Recorded data
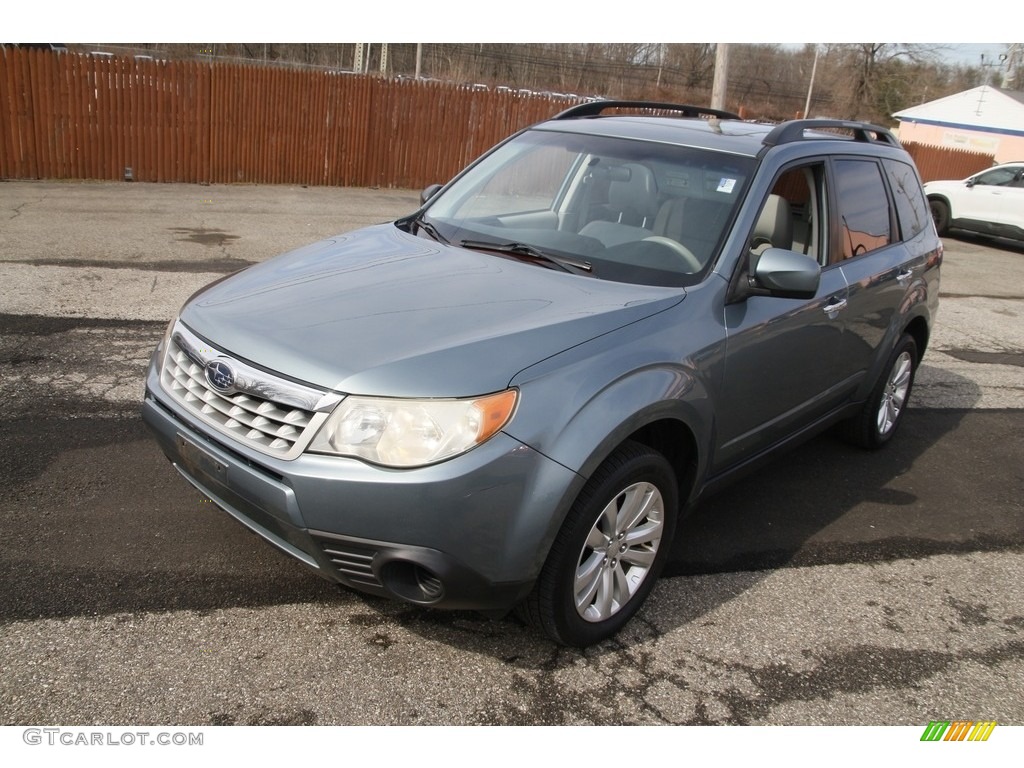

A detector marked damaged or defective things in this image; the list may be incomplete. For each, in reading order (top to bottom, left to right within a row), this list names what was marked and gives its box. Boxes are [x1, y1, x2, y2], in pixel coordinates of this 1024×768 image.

cracked asphalt [0, 179, 1019, 729]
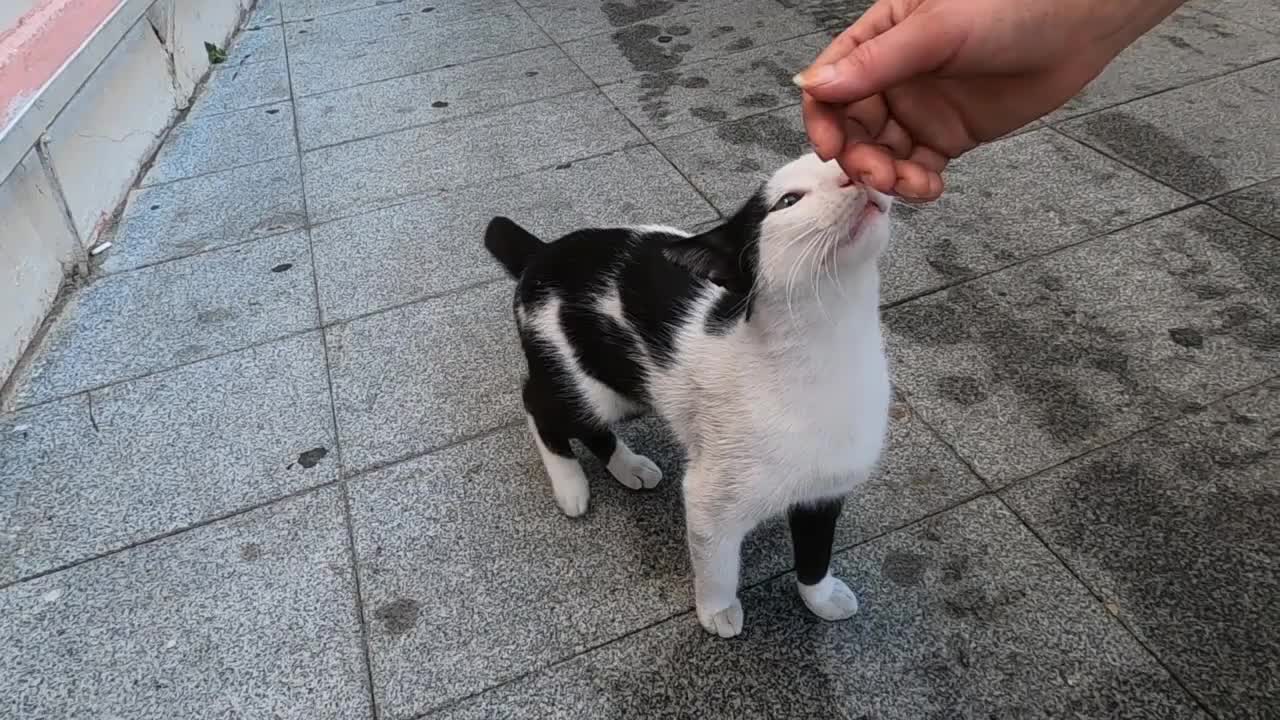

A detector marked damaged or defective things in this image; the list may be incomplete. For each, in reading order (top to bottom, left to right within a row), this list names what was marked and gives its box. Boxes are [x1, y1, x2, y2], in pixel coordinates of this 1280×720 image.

cracked concrete edge [0, 0, 257, 389]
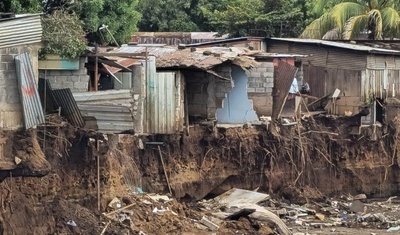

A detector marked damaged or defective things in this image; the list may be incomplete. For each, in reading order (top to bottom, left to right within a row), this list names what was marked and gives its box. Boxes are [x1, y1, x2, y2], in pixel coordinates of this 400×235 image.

rusty metal roof sheet [0, 13, 42, 48]
rusty metal panel [0, 14, 42, 48]
rusty metal roof sheet [268, 38, 400, 55]
rusty metal panel [14, 52, 45, 129]
rusty metal roof sheet [14, 52, 45, 129]
rusty metal panel [52, 89, 85, 127]
rusty metal panel [145, 70, 184, 134]
rusty metal panel [272, 61, 296, 119]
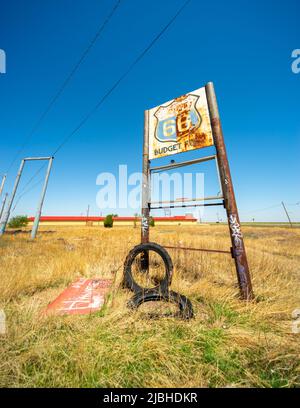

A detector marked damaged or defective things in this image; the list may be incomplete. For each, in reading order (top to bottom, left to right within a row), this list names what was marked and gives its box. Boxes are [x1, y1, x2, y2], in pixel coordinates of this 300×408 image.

rust stain on sign [148, 86, 213, 159]
rusty metal sign [148, 87, 213, 160]
rusted steel pole [206, 83, 253, 300]
rust stain on sign [45, 278, 112, 316]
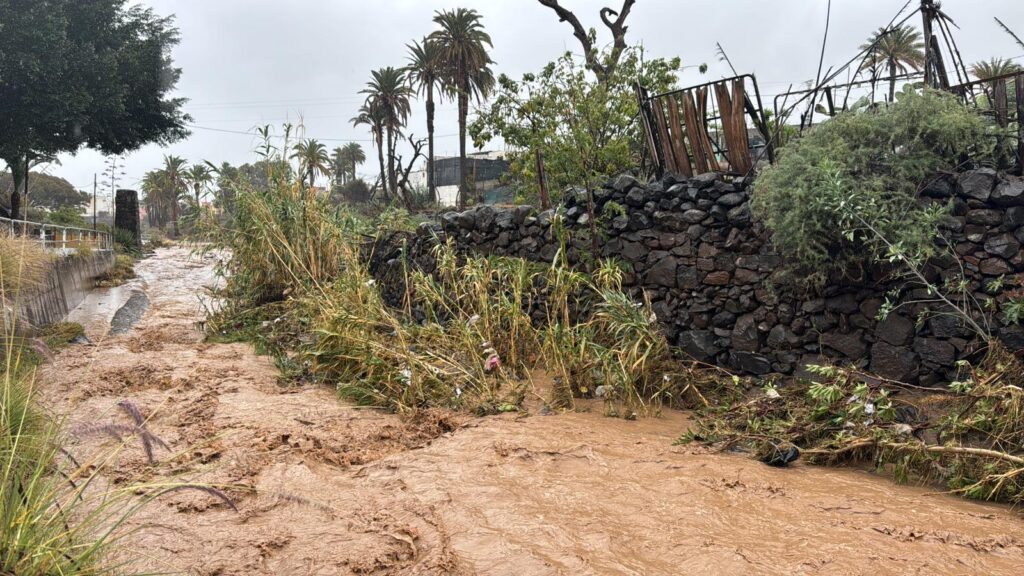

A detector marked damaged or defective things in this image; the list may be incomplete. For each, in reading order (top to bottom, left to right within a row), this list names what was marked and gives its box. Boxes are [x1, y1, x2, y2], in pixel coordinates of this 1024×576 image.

rusty metal structure [634, 73, 770, 177]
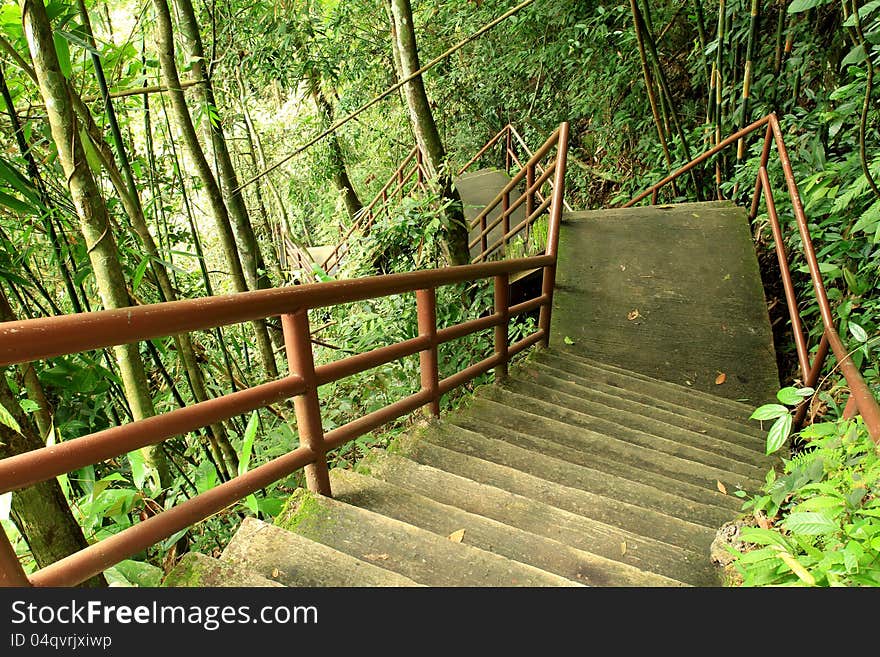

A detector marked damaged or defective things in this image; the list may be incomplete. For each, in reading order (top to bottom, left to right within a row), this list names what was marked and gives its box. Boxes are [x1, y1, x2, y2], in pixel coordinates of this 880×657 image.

rusty metal railing [0, 121, 568, 584]
rusty metal railing [318, 145, 432, 276]
rusty metal railing [458, 124, 576, 262]
rusty metal railing [624, 113, 880, 444]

Task instructions
A faithful copy of all the lines above is needed, with the pictures omitted.

Output of the task
A detector marked damaged or defective things in this image; the list may be incomplete. For each, in reading order (top to bottom, left to right within a row), this list names what was marked and gives its box. Boxes are [x1, y1, x2, y2], in pixel coordinates of this 1024×768 image.

cracked asphalt [0, 179, 1019, 729]

A detector marked damaged or defective things in this image; the list may be incomplete. For each, in reading order (top to bottom, left to right within a row), this list names what was marked and gives its box. Boxes are [x1, y1, x2, y2], in pixel coordinates of this 1280×720 image.

cracked concrete edge [0, 0, 257, 389]

A detector marked damaged or defective things in this image; the list may be incomplete. For each, in reading order (top to bottom, left to right within a row), this list names what was marked and gives its box. Boxes are [x1, y1, x2, y2], in pixel coordinates of this 400×235 image.

rusty metal roof sheet [0, 13, 42, 48]
rusty metal panel [0, 14, 42, 48]
rusty metal roof sheet [268, 38, 400, 55]
rusty metal panel [14, 52, 45, 129]
rusty metal roof sheet [14, 52, 45, 129]
rusty metal panel [52, 89, 85, 127]
rusty metal panel [145, 70, 184, 134]
rusty metal panel [272, 61, 296, 119]

A detector marked damaged or defective things in this image; the list may be incomplete. For each, in reading order (top to bottom, left to right within a row), this list names what was marked and gives its box. Boxes are [x1, y1, x2, y2], in pixel coordinates of this 300×408 image.

rust stain on sign [148, 86, 213, 159]
rusty metal sign [148, 87, 213, 160]
rusted steel pole [206, 83, 253, 300]
rust stain on sign [45, 278, 112, 316]

A detector marked damaged or defective things in this image; the list may be incomplete. For each, in reading order (top to bottom, left to right within a row), this list names what was marked and gives its box. Boxes are [x1, y1, x2, y2], in pixel coordinates of this 1024×576 image.

rusty metal structure [634, 73, 770, 177]

A detector marked damaged or defective things in this image; the list may be incomplete. For each, in reading order (top to bottom, left to right within a row), this list names what was marked and gives its box. Boxes are [x1, y1, x2, y2], in pixel coordinates of this 880×657 image.

rusty metal railing [0, 121, 568, 584]
rusty metal railing [318, 145, 432, 276]
rusty metal railing [458, 124, 576, 262]
rusty metal railing [624, 113, 880, 444]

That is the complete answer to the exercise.